[Mpi3-ft] MPI_Init / MPI_Finalize
Joshua Hursey
jjhursey at open-mpi.org
Thu Aug 26 10:41:58 CDT 2010
On Aug 26, 2010, at 11:03 AM, Bronis R. de Supinski wrote:
>
> Josh:
>
> Re:
>> Bronis, thanks for the clarification on MPI_Finalize. I guess the
>> detail that I was trying to get at is that it is not specified whether
>> MPI_Finalize is a leave early/enter late kind of collective.
>>
>> So, at least the way I read it, it would be valid if one process enters
>> and exits MPI_Finalize before a different process enters MPI_Finalize
>> (similar to MPI_Bcast).
>
> Yes, that is correct. Since nothing is explicitly stated, it falls into
> the general category of collectives that users must treat as synchronizing
> (in terms of deadlock) although implementations may not be.
>
>> This points to the reasoning behind the advice to implementors just
>> above the cited paragraph that suggests a barrier operation during
>> MPI_Finalize as one option. Am I interpreting this correctly?
>
> Yes.
>
>> One misleading sentence to me is the following on p291 just after the
>> definition of MPI_Finalize: "Each process must call MPI_FINALIZE before
>> it exits." The 'it' is slightly unclear. I think this is referring to
>> the process exiting, not the function. If 'it' referred to the function
>> then this would disallow the collective to have some ranks leave the
>> collective before all have joined, so requiring a barrier semantic.
>
> I can see the ambiguity.
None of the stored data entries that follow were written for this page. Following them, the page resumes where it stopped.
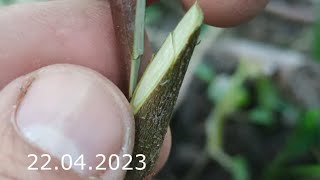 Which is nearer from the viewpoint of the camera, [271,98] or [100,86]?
[100,86]

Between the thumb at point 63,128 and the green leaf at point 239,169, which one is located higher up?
the thumb at point 63,128

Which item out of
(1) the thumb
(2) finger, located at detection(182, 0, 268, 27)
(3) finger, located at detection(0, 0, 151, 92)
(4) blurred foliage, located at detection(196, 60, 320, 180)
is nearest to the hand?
(1) the thumb

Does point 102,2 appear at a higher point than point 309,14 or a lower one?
higher

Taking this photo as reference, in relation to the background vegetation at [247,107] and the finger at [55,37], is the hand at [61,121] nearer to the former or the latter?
the finger at [55,37]

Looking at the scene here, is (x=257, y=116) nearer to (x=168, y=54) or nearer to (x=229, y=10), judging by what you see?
(x=229, y=10)

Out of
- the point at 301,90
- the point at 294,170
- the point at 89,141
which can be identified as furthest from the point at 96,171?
the point at 301,90

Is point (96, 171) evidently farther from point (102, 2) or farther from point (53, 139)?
point (102, 2)

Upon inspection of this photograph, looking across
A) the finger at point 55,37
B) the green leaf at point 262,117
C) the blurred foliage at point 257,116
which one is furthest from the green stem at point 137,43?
the green leaf at point 262,117

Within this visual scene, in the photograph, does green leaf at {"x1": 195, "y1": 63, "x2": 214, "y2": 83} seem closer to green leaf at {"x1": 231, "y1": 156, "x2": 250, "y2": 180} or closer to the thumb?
green leaf at {"x1": 231, "y1": 156, "x2": 250, "y2": 180} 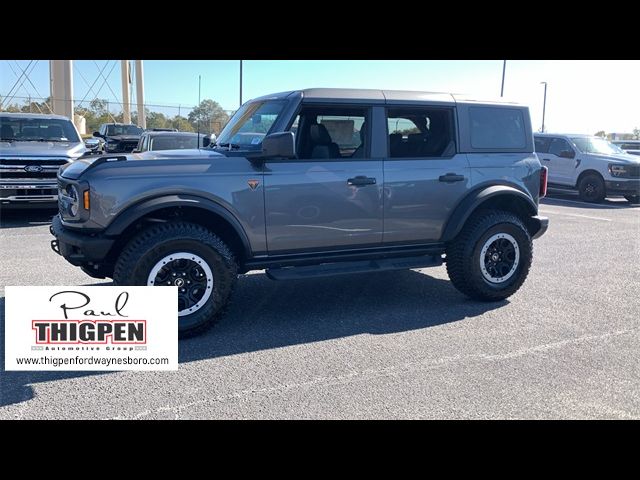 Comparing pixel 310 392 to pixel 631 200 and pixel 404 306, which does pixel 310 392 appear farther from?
pixel 631 200

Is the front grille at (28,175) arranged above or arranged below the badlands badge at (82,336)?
above

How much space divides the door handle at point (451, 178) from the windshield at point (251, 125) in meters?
1.75

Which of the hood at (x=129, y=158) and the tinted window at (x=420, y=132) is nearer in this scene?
the hood at (x=129, y=158)

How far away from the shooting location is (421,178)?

I would be in favor of rewriting the
> sentence to eliminate the pronoun or at least the ambiquity.
> How about: "Before each process exits, it must call MPI_FINALIZE."
> I think that is clearly what was intended (not from the immediate
> context but from the general treatment of collectives).
I agree. I filed a ticket on Trac (not sure if I did it 100% correctly) so we can try to get this ambiguity fixed.
https://svn.mpi-forum.org/trac/mpi-forum-web/ticket/227
>
>> For the fault tolerance discussion, I think the question is on the
>> consistency of the return code. Should the return code have commit/abort
>> properties? So if there is a success then all processes return success.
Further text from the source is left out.